### WHAT THIS TASK INVOLVES
Could you return, exactly as written, every line from the one containing "Gerrit Cole displays" through the last line of the entries below, leaving out the pictures?

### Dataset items

_ _ _ _ _

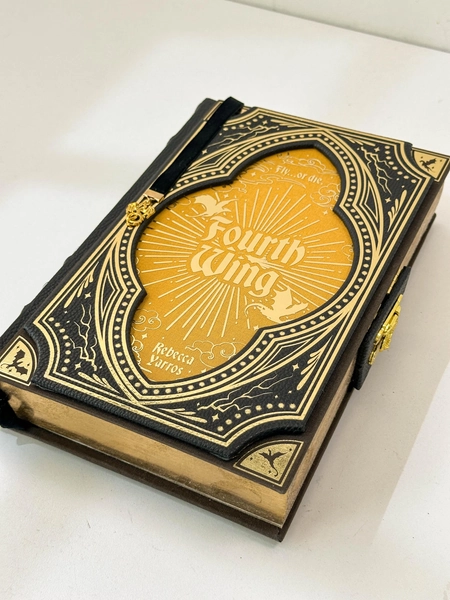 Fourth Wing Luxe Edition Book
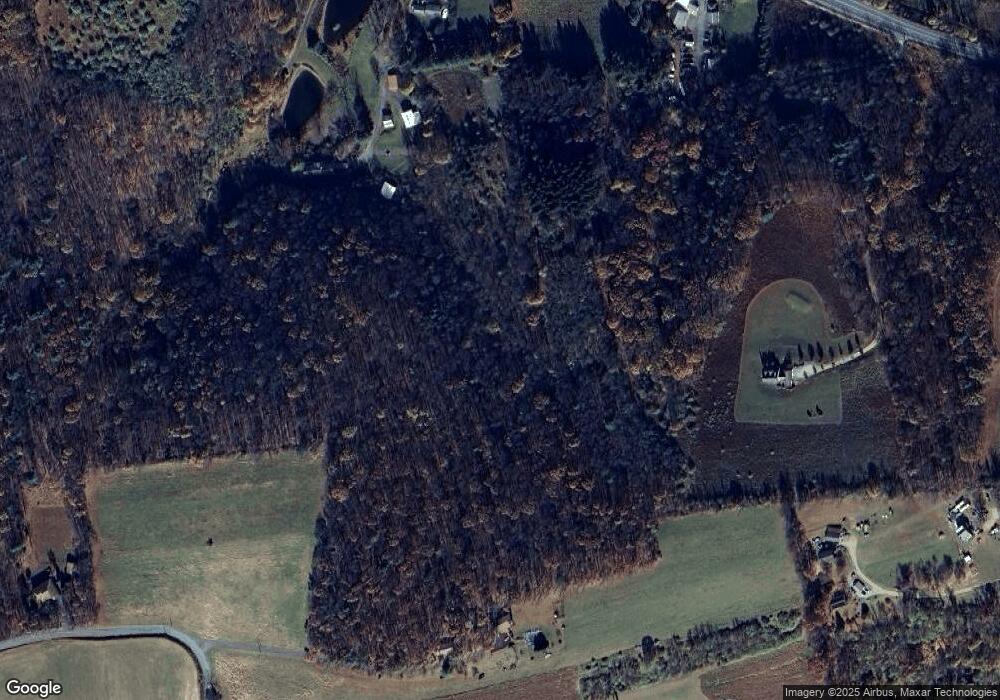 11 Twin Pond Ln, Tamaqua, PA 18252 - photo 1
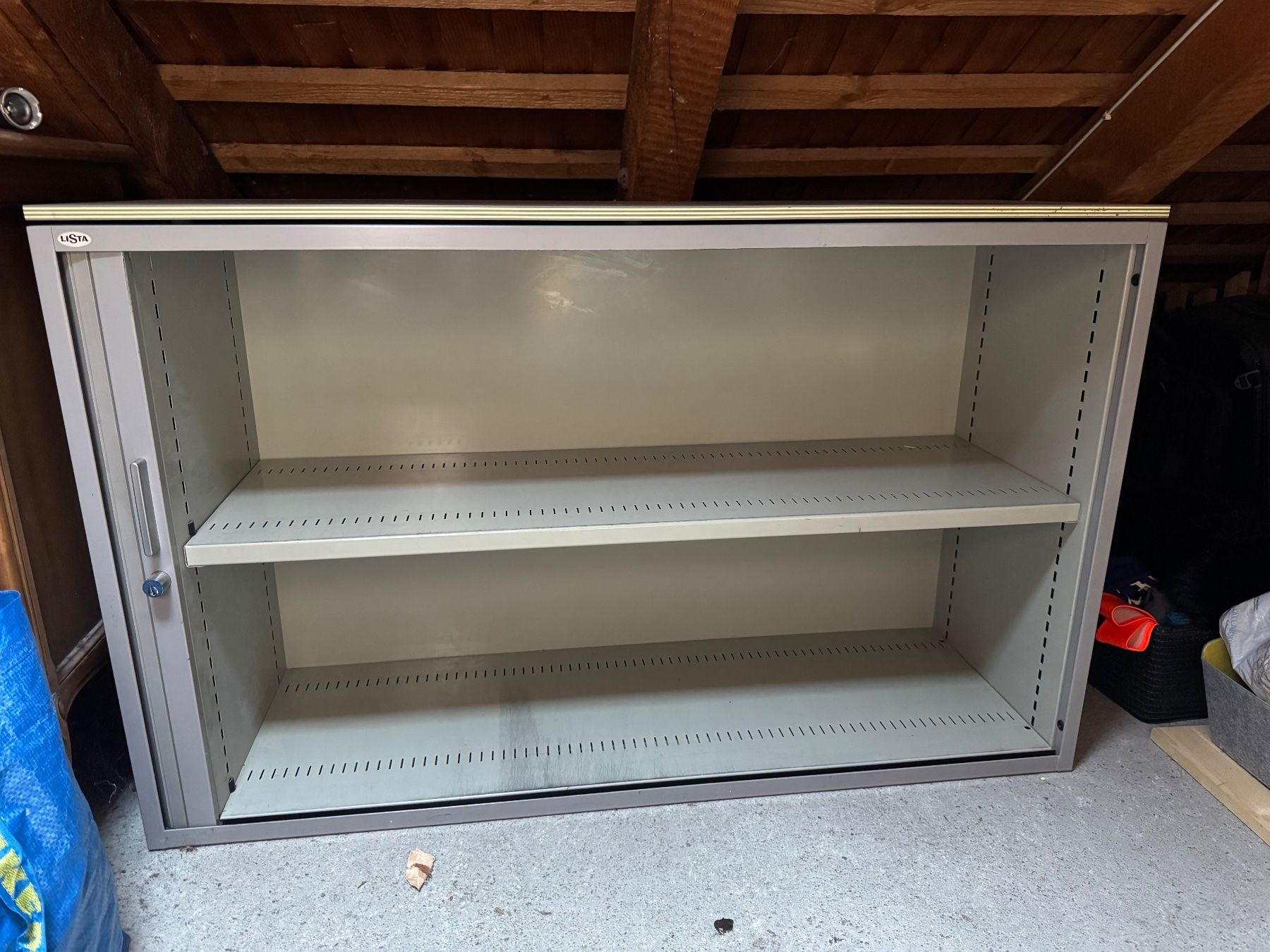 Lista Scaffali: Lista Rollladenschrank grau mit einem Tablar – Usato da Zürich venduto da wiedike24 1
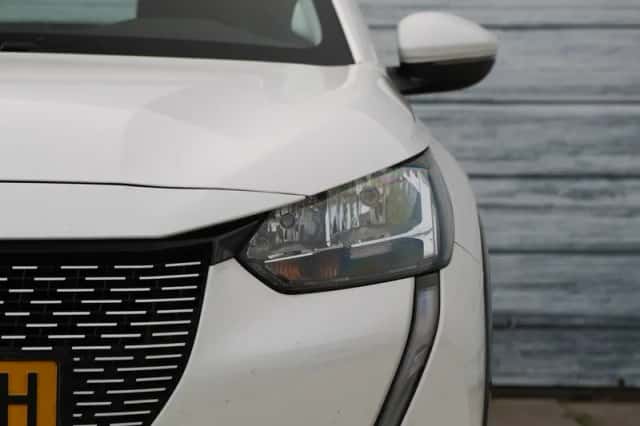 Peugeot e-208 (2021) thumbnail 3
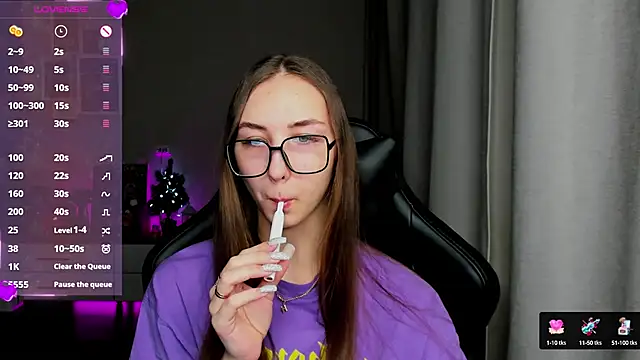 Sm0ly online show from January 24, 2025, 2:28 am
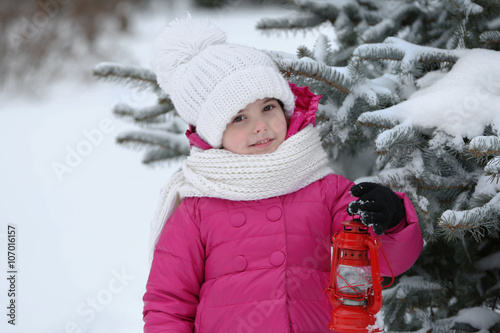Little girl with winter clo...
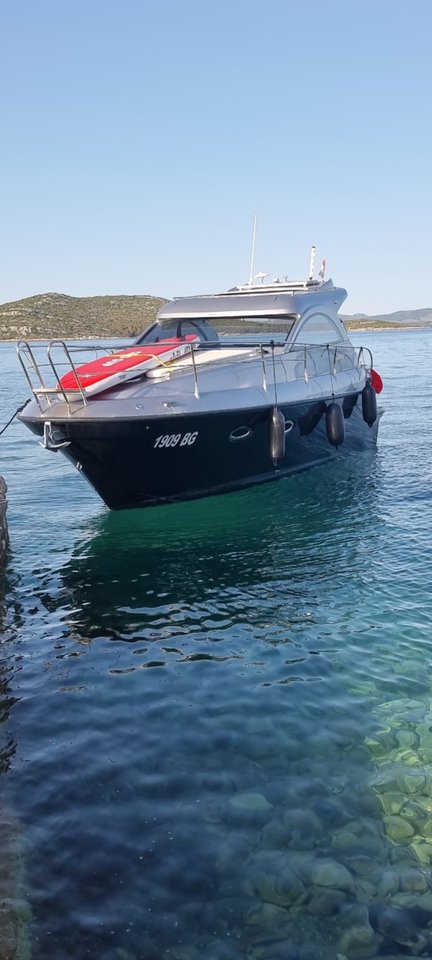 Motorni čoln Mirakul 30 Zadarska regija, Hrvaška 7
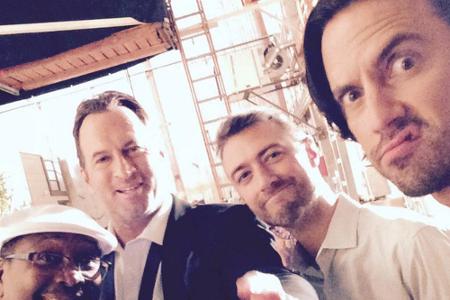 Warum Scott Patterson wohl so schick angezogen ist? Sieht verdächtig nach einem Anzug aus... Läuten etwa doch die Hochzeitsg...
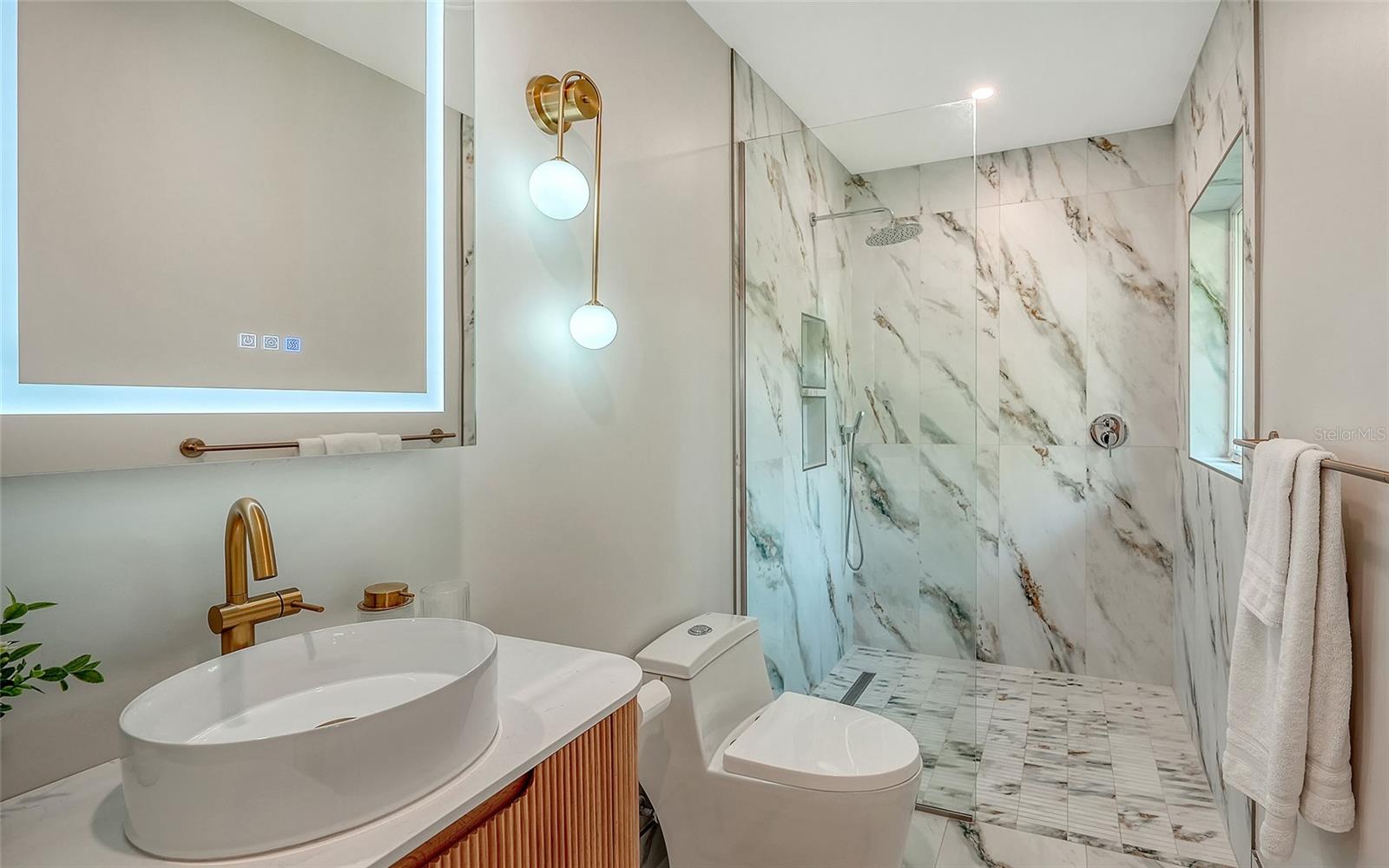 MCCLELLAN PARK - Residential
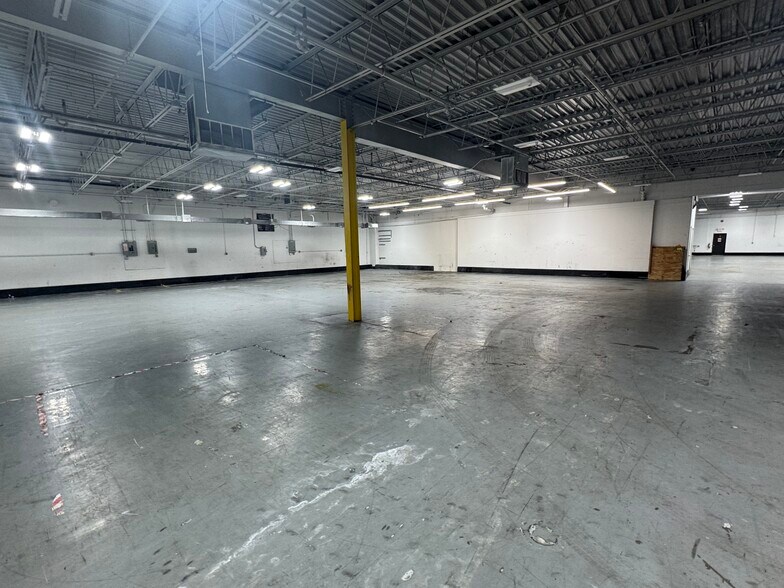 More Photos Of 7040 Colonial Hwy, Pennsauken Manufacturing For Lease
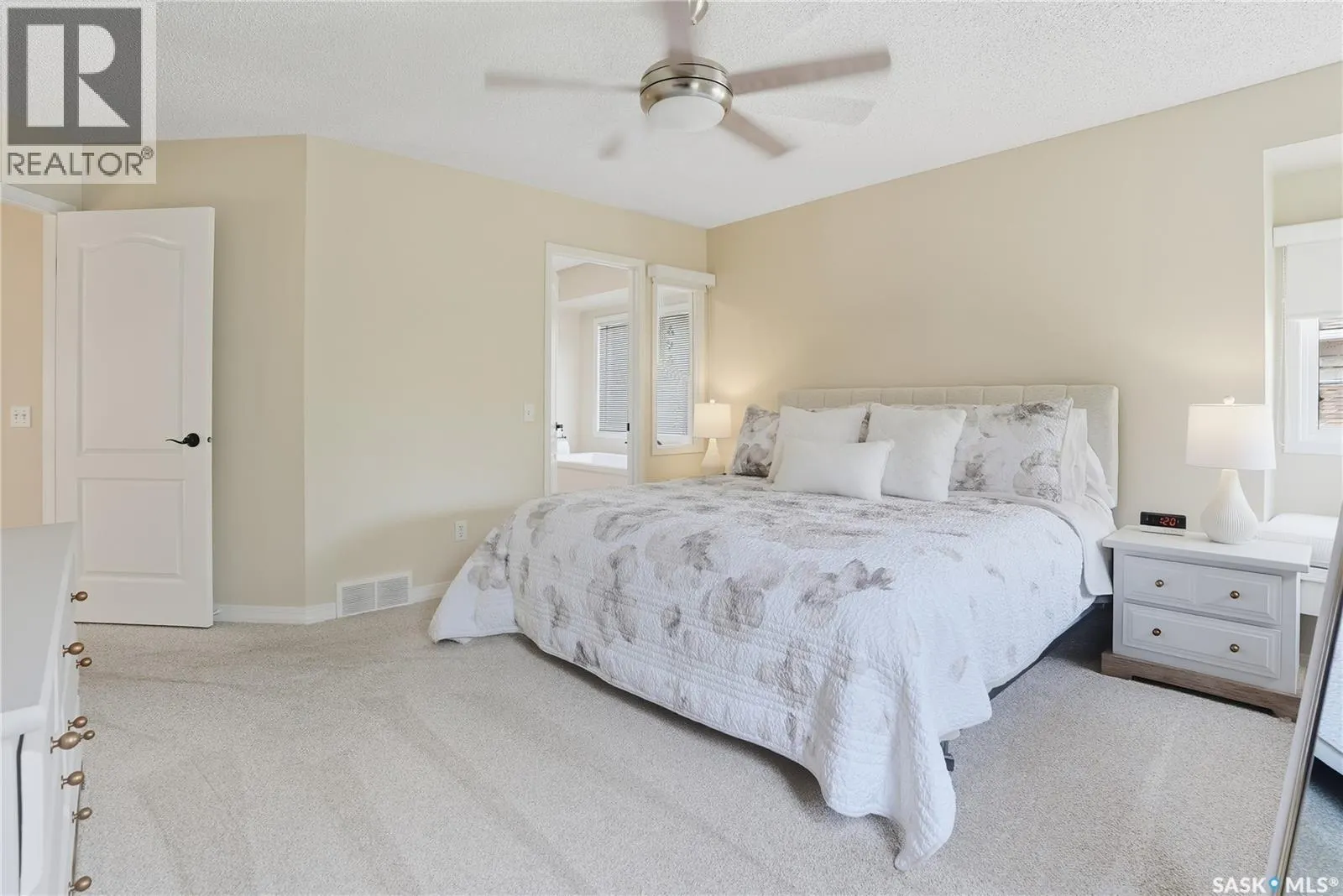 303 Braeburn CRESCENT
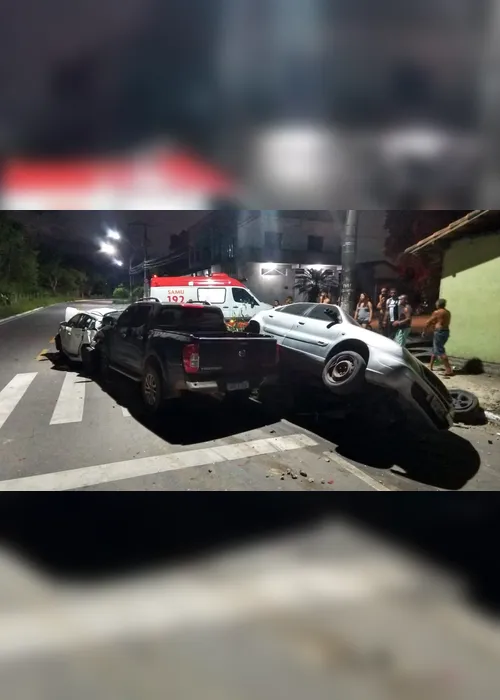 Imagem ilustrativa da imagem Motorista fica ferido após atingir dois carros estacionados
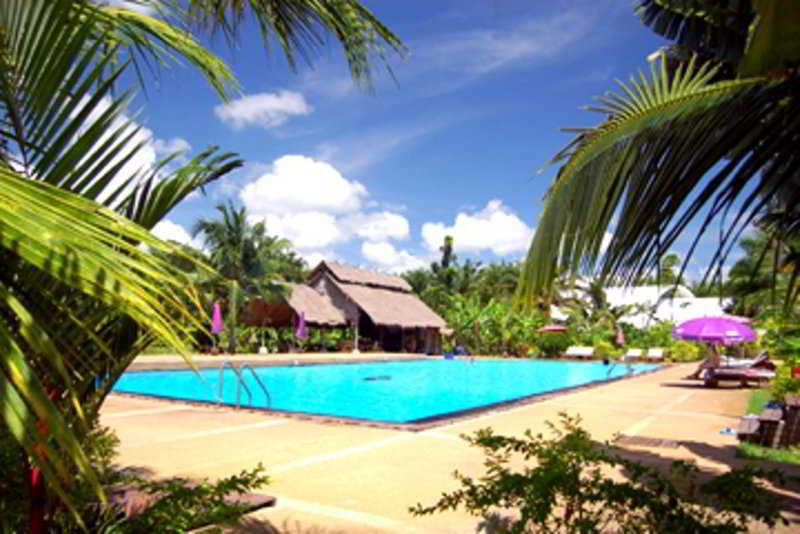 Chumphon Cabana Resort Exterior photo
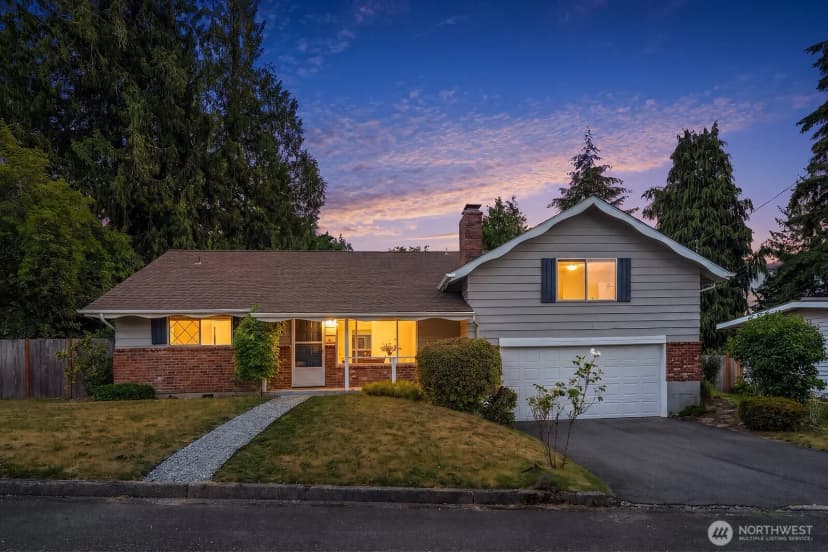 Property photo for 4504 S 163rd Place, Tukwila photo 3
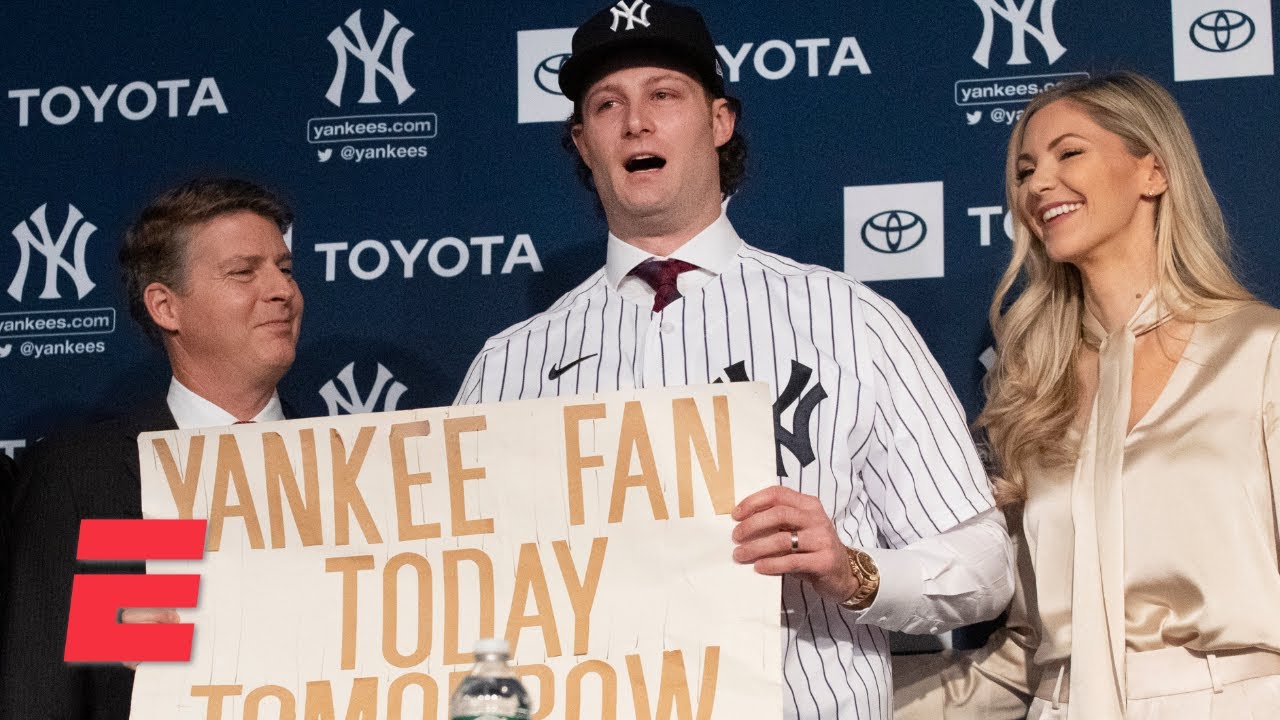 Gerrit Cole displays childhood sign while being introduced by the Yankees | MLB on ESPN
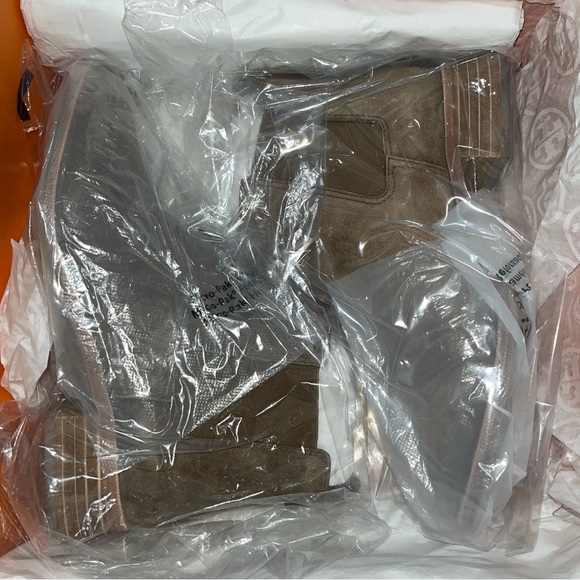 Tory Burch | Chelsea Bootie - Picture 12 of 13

_ _ _ _ _

### EXERCISE OUTPUT
 Gerrit Cole displays childhood sign while being introduced by the Yankees | MLB on ESPN
 Tory Burch | Chelsea Bootie - Picture 12 of 13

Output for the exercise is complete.